Just from this description, you can see you’ll want to test creating a Pixel with all valid inputs, with at least one input less than 0, and at least one input greater than 255. This can be generalized to be testing:

  • Valid, non-special case inputs
  • Valid special case inputs
  • Invalid inputs

If your method has multiple different behaviors it could exhibit, make sure you test each of them.

Now that you know what to test, you need to learn how to test it. Our provided test, testConstructInBounds, uses getRed(), getBlue(), and getGreen() to check that the components of the Pixel were initialized correctly.

getRed(), getBlue(), and getGreen() are examples of getters. Most classes you work with will have methods referred to as getters and setters. A getter allows you to get (a copy of) some information (usually stored in a field) from an object. getRed() is a getter for the red color component of Pixel. A setter allows you to set the value of some field in an object. Setters may not always be available - some fields are meant to be private, or encapsulated, within the class. Setters might also place limits on what you can change in order to maintain internal invariants. Pixel.java does not provide setters, because a Pixel should be immutable once it is instantiated.

Getters will be one of the most commonly used tools in your Java testing toolbox.

Testing simple methods

In OCaml, we recommended “bottom up” testing, where you write and debug simpler tests before more complex tests. In OCaml, this looked like testing base and edge cases first or testing a function earlier in the homework that we’d ask you to utilize as a helper function later in the homework.

In Java, you will implement many large classes with complex behaviors, and bottom up testing will become only more important. Let’s go back to CandyBowl. It has a getter, checkCandyCount() that “gets” the count of candy left. We used checkCandyCount() in our testTake5Refill7() test, but imagine if there was an error in checkCandyCount() that caused the test to fail. We might start debugging by examining takeCandy and refillCandy since it might not occur to us to check checkCandyCount at first. If we had tested our getter first, we would be able to save time searching through multiple functions for the error. Let’s look at how we could test checkCandyCount() using no other methods and knowing the initial count is 10:

@Test
public void testCheckCandyCount() {
    assertEquals(b.checkCandyCount(),10);
}

Check out the appendix for the full code and another example getter test! You might think these tests will be short and simple, but some might require some thinking. Either way, don’t skip them! You’ll save yourself so much time and energy if you don’t have to trace through all the methods you use in a test to find why it’s failing.

Testing complex methods

Now, assuming you’ve tested the simple stuff first, how do you test the complex stuff?
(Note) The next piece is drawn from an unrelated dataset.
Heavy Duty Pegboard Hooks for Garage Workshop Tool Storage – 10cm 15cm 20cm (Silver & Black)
Complex methods often call simpler methods as helpers. Thankfully, you’ve tested your simpler methods already, so you’ll be able to fix those smaller bugs early on before they propagate to complex methods. That lets you focus on what each complex method does overall, instead of getting lost in the weeds of its simpler method calls.

To test complex behavior, run the complex method(s). The complex methods can produce an output or change the state of your program, so you’ll now want to check that the method’s output and the program’s state matches with your expected values. The best way to test the program’s state is by using assertEquals and getters. You may want to confirm that parts of the program that should not have changed did not change.

Testing Objects

Encapsulation

Encapsulation is a concept that comes up multiple times in CIS 1200. For the purposes of testing, to test encapsulation is to test that you can’t change an internal value willy-nilly. Test that you can only change a value through the appropriate methods.
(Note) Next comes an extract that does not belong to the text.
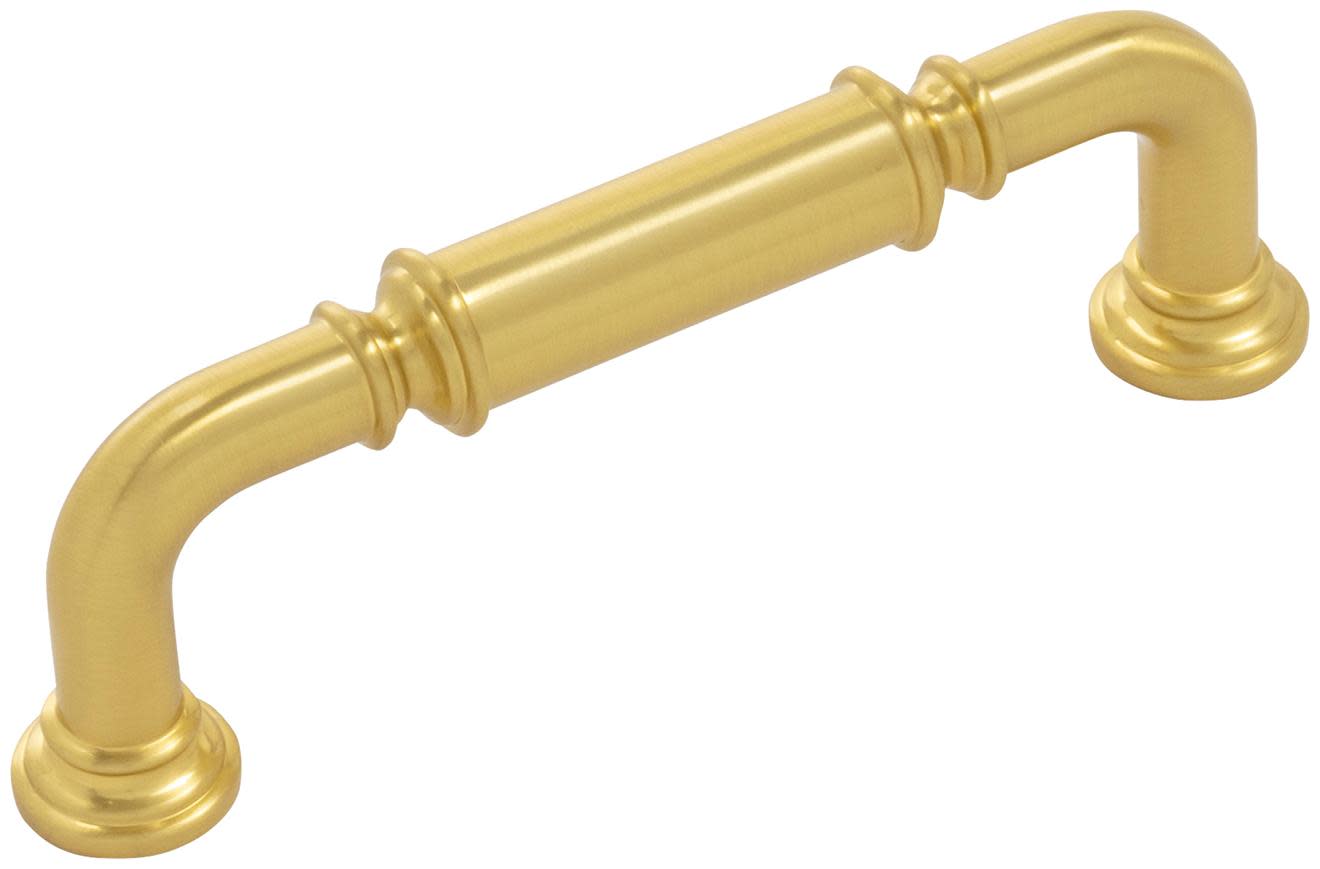 Photos - Furniture Hardware Belwith Keeler B079920 Berkshire 3-3/4" Center to Center Traditional Single Barrel Cabinet Handle / Drawer Pull Brushed Gold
Consider a simple class called MyNumbers:

public class MyNumbers {
    private int[] myNumbers;

    public myNumbers(int[] x) {
        myNumbers = x;
    }

    public addNumber(int x) {
        myNumbers[0] = x;
    }

    public removeNumber() {
        myNumbers[0] = 0;
    }

    public getNumbers() {
        return myNumbers;
    }
}

In this class, we should only be able to change myNumbers by calling addNumber or removeNumber. In other words, we are encapsulating the information in myNumbers - it should only be modifiable via addNumber or removeNumber. We also have a getter, getNumbers.

If I am able to modify myNumbers without using addNumber or removeNumber, that would violate encapsulation. Clearly I can’t access myNumbers directly, because it’s a private field. Is there any other way I can modify it without using addNumber or removeNumber?

Consider the current implementation of getNumbers. The current implementation will return a pointer to the myNumbers object on the heap. If I wrote:

int[] arr = getNumbers();
arr[0] = arr[0] + 1;

This would also modify myNumbers, since arr and myNumbers are aliased and referentially equal. A better implementation would be:

public getNumbers() {
    return Arrays.copyOf(myNumbers);
}

Now, understanding that example, to test encapsulation we could write the following:

@Test
public void testGetNumbersEncapsulation() {
    int[] x = new int[2];
    x[0] = 0;
    x[1] = 1;
    MyNumbers n = new MyNumbers(x);
    int[] y = n.getNumbers();
    y[0] = 5000;
    assertEquals(n.getNumbers()[0], 0);
}

When this test passes, we can be certain that the only way to modify myNumbers is through the appropriate methods. We have preserved encapsulation.

Structural equality

When you create a class in Java, you should always override the equals method. To evaluate whether two objects are structurally equal, you must call equals. For example, object1.equals(object2).

By default (if you do not override equals), your classes will use reference equality for comparison when you call object1.equals(object2).

To ensure you have overridden equals and to ensure you have done so correctly, test that comparing two referentially unequal but structurally equal instances of a class returns true.

compareTo

When you create a class in Java and you want to store instances of that class in a Set, you need to implement the Comparable interface. (If this doesn’t make sense right now, you can skip this until it comes up in lecture.)

The Comparable interface requires that you implement one method, compareTo(T o), where T is the type of the class implementing the Comparable interface.

Make sure to test the compareTo(T o) function thoroughly, as it is a common source of bugs when working with TreeSets or TreeMaps.

Model-View-Controller Testing (for user interfaces)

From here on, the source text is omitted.